As a bell rang, the horses sprinted by, competing for a winning prize of $4,600. But the men barely broke their concentration from the televisions.

“You can’t attract the best horses and the biggest bettors with purses like that,” said Ms. Cox, pointing outside at a largely empty grandstand.

Thirty years ago, gamblers had to go to Las Vegas or Atlantic City to bet legally. Now, a dozen states have commercial casinos, 12 have “racinos,” or slot machines and other games that are installed at racetracks, 29 states have Indian casinos, and at least 42 states and the District of Columbia, have lotteries.

“When budgets get tight, expanding gambling always looks to lawmakers like the perfect quick-fix solution,” said John Kindt, a professor of business and legal policy at the University of Illinois who studies the impact of state-sponsored gambling. “But in the end, it so often proves to be neither quick nor a fix.”

Crime jumps 10 percent in areas with casinos, personal bankruptcies soar 18 percent to 42 percent and the number of new gambling addicts doubles, Mr. Kindt said. Predicted state revenue often falls short and plans frequently get tripped up by legal fights or popular opposition, he said.

In Delaware, for example, Gov. Jack Markell said in March that he wanted to legalize sports betting in casinos, which he said would bring in $53 million in the first year to help plug an $800 million budget shortfall. But the plan was blocked by a federal court in Philadelphia on Aug. 24 on the grounds that it would undermine confidence in professional sports.

In Ohio, Governor Strickland reversed his stance on video slots at racetracks based on a “conservative” estimate that the new machines would net more than $760 million to the state.

But the slots are not likely to arrive here any time soon because a lawsuit is pending before the Ohio Supreme Court that argues that the plan should be placed before the voters. The slots may also get overtaken by a proposed constitutional amendment that will be on the November ballot and would allow four full-fledged casinos, one each in Cincinnati, Cleveland, Columbus and Toledo.

Still, Frank J. Fahrenkopf Jr., president of the American Gaming Association, said states had plenty of reasons to want to expand gambling.

“Even though our revenues are down during the recession, bringing a casino into a community will still provide new jobs, new tax revenues, new opportunities for local vendors and other benefits that didn’t exist before,” Mr. Fahrenkopf said. “It isn’t surprising that as consumers are tightening their wallets, and with less discretionary spending for entertainment, they are spending less when they visit casinos, too.”

About 60 percent of people who participate in casino gambling have cut back on spending on the activity, according to a 2008 national survey conducted by the association.
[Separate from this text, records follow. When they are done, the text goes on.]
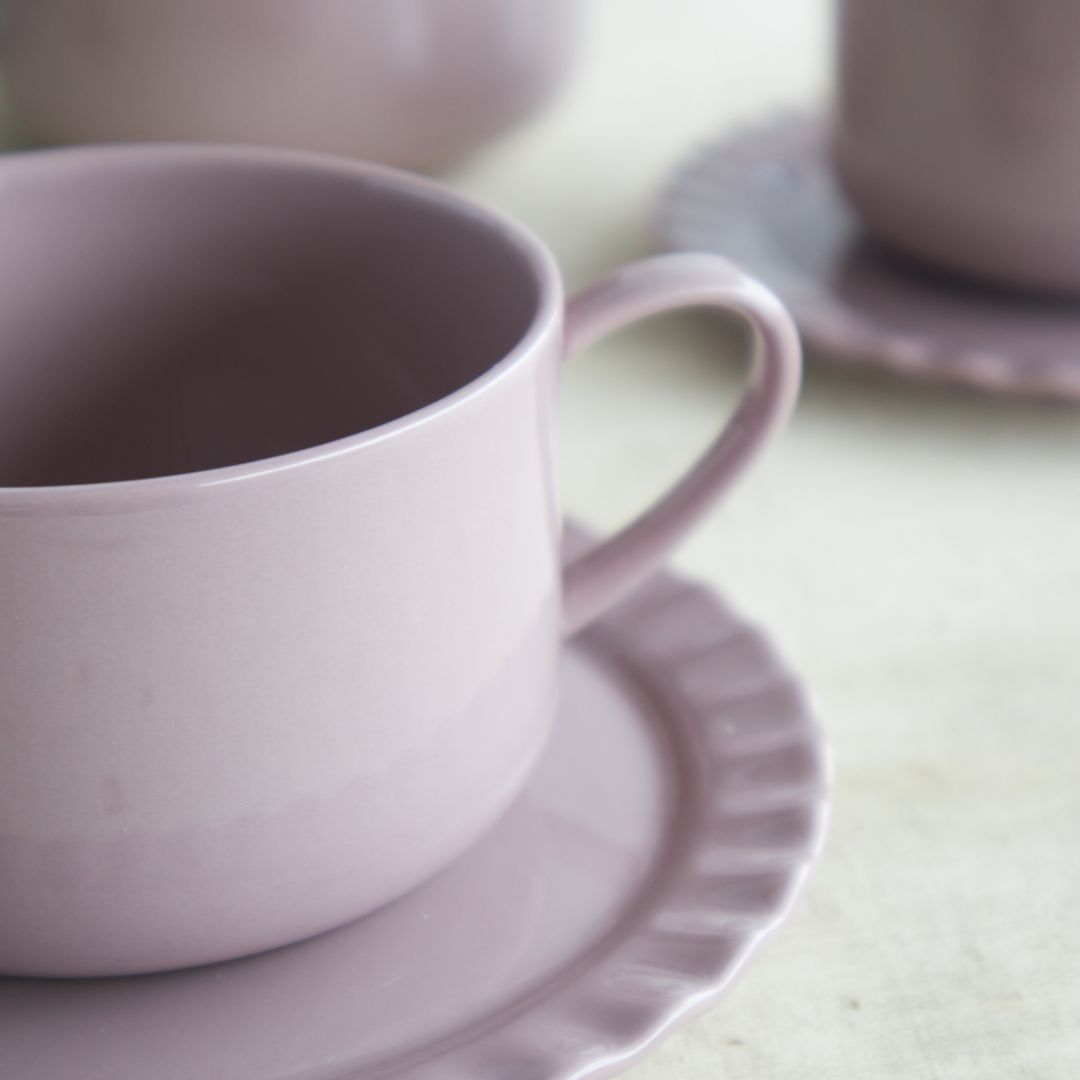 Ricabella Ceramic Light Mauve Teapot Set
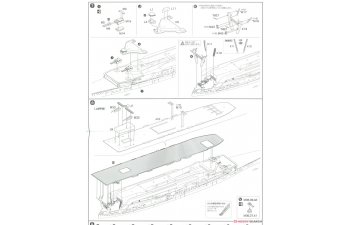 Сборная модель IJN Aircraft Carrier Kaga Three Flight Deck Version Special Edition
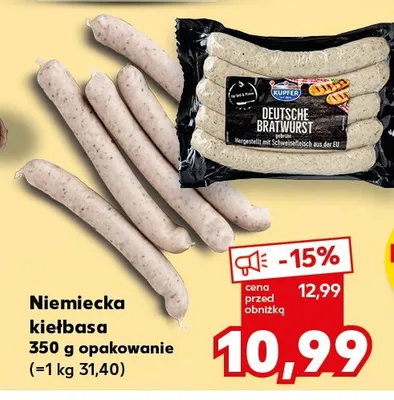 Niemiecka kiełbasa Deutsche Bratwurst promocja w Kaufland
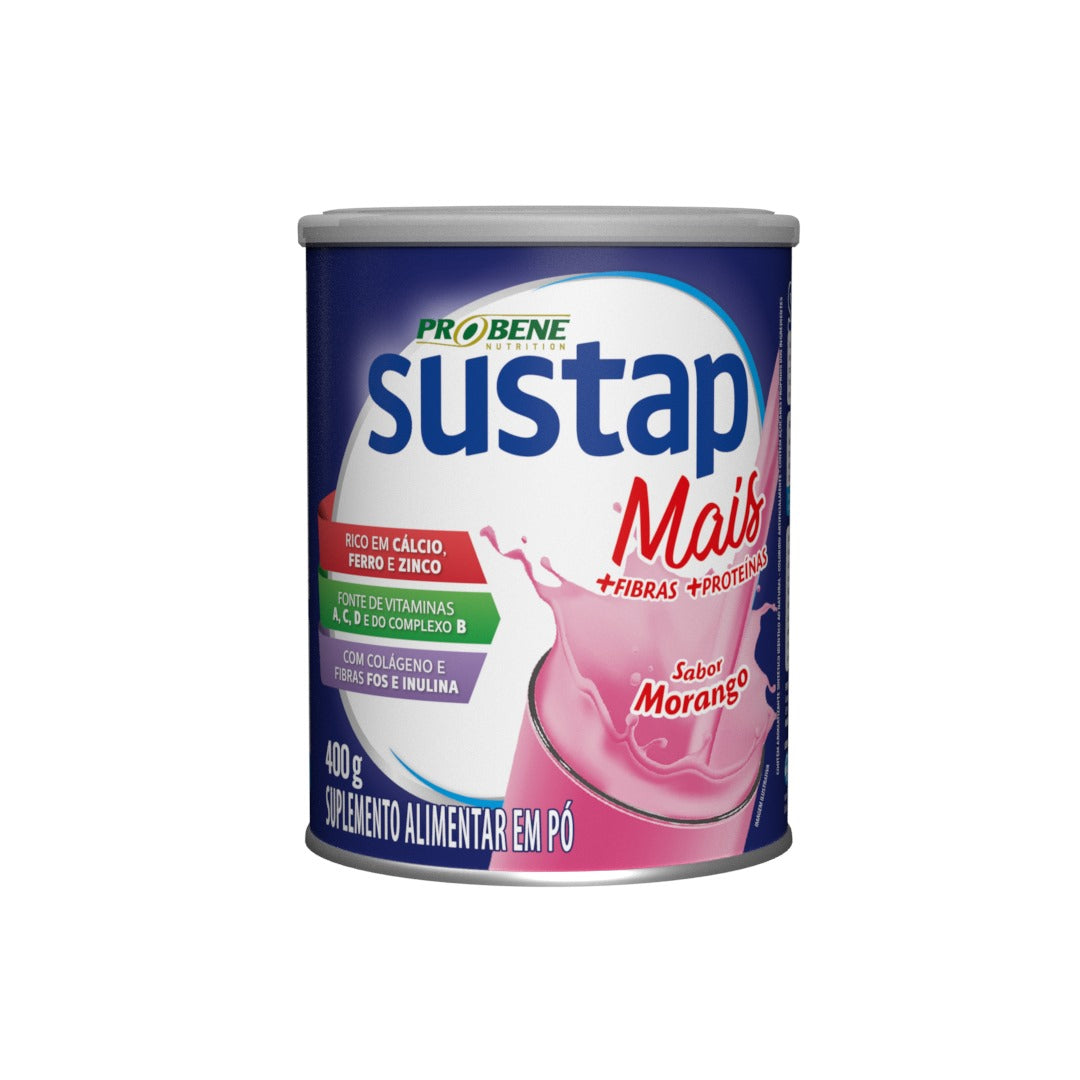 SUSTAP MAIS S/ACUCAR 400G MORANGO
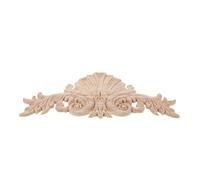 ERINGOGO Aplique de Madera Tallada sin Pintar Decoración de Esquinas para Muebles y Paredes Embellecedor Europeo Clásico para Bricolaje Recorte Ornamental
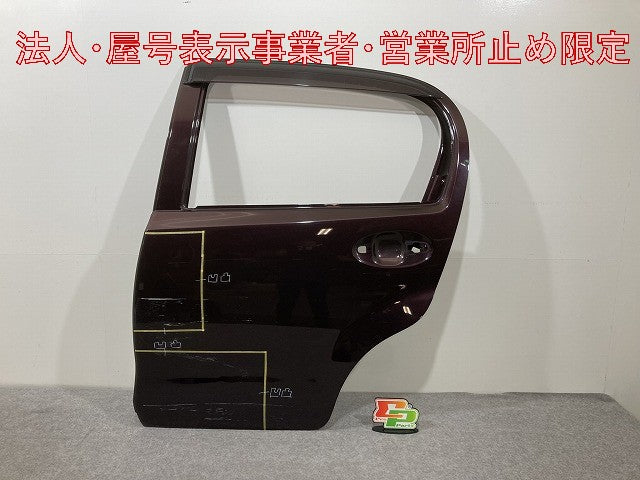 パッソ 30系/KGC30/KGC35/NGC30 純正 左 リア ドア バイザー付 ダークレッドマイカ R54 トヨタ(146482)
Despite the downturn, revenue from racinos grew this fiscal year, producing $2.9 billion in taxes and fees in 12 states compared with $2.7 billion the year before, a 6.7 percent increase.

But Ms. Dadayan of the Rockefeller Institute said the racino windfalls might be short-lived because slot profits usually soften with time as their novelty wears off and more states add machines.

If Pennsylvania and Indiana, where slots are new, are excluded, the total slot revenue from the other 10 states with racinos actually fell by $76 million in fiscal year 2009, a 4 percent decline.